29.06.2007 | 18:17

Neuer Schritt in der niederösterreichischen Gesundheitsmedizin

Sobotka: Bestmögliche Versorgung für die Patienten in Niederösterreich

Im Rahmen einer heute in St. Pölten abgehaltenen Pressekonferenz präsentierten Landesrat Mag. Wolfgang Sobotka und der Geschäftsführer des NÖGUS (NÖ Gesundheits- und Sozialfonds), Dr. Robert Grießner, mit den sogenannten "NÖ Behandlungspfaden" einen neuen Schritt in der niederösterreichischen Gesundheitsmedizin. Bei den "Behandlungspfaden" handelt es sich um festgelegte Vorgehensweisen, die regeln, wo ein Patient mit bestimmten Symptomen oder Krankheitsbildern am effizientesten behandelt werden kann und wie er dort hinkommt.
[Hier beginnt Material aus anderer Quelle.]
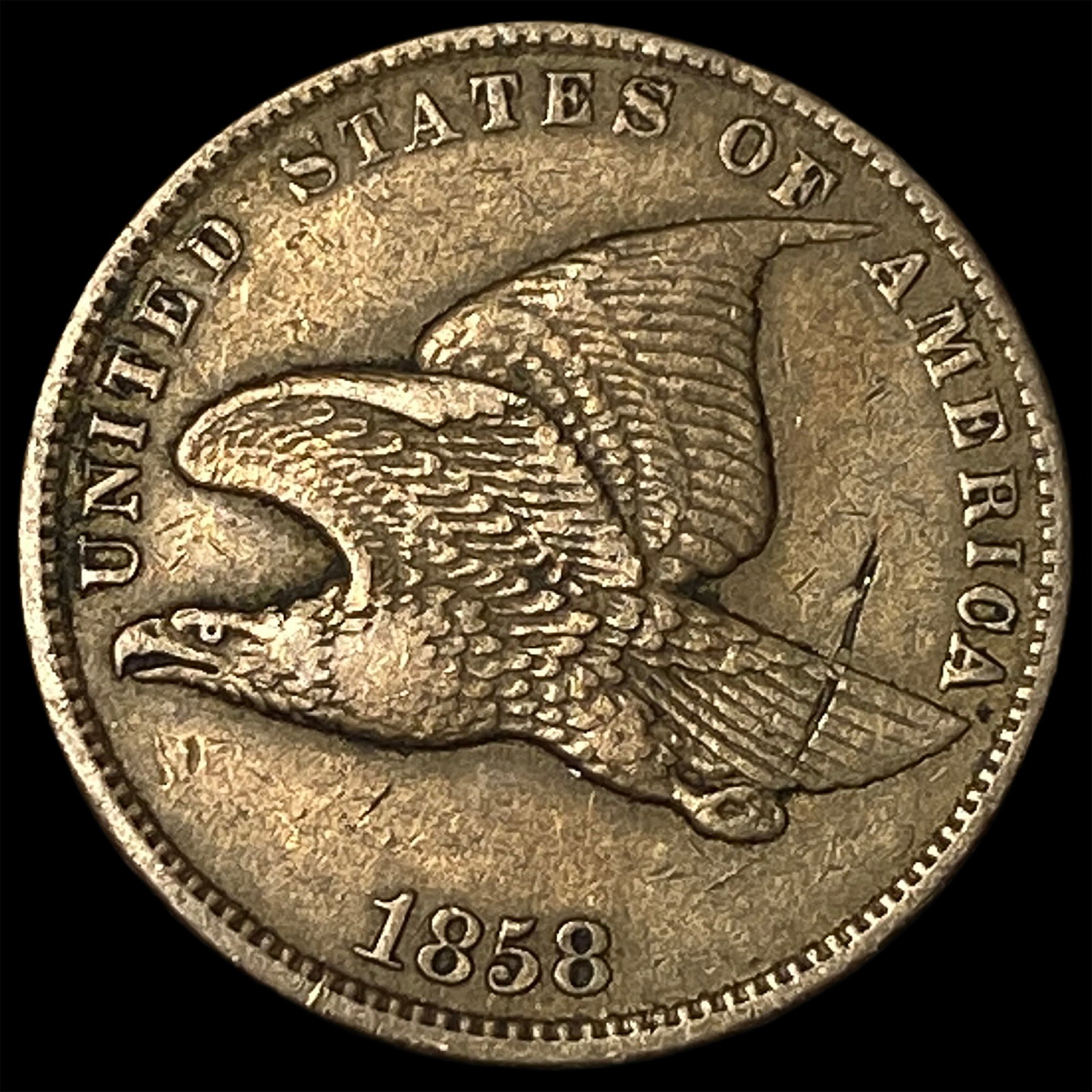 1858 Copper-Nickel Flying Eagle Cent NEARLY UNCIRCULATED: 1858 Copper-Nickel Flying Eagle Cent NEARLY UNCIRCULATED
Die bisherige Vorgangsweise, den jeweiligen Patienten stets ins nächstgelegene Krankenhaus zu bringen, soll der Vergangenheit angehören. Außerdem sind im Rahmen der "Pfade" auch die Schritte der Behandlung bis zur Entlassung vorskizziert. So sollen auch eine kontinuierliche Qualitätsbewertung und -verbesserung ermöglicht und etwaige Schwachstellen im System gefunden und beseitigt werden. So werden demnach künftig beispielsweise jede Mandeloperation oder jeder Herzinfarkt nach dem selben Muster behandelt, was der besseren medizinischen Versorgung der Bevölkerung zu Gute kommen soll.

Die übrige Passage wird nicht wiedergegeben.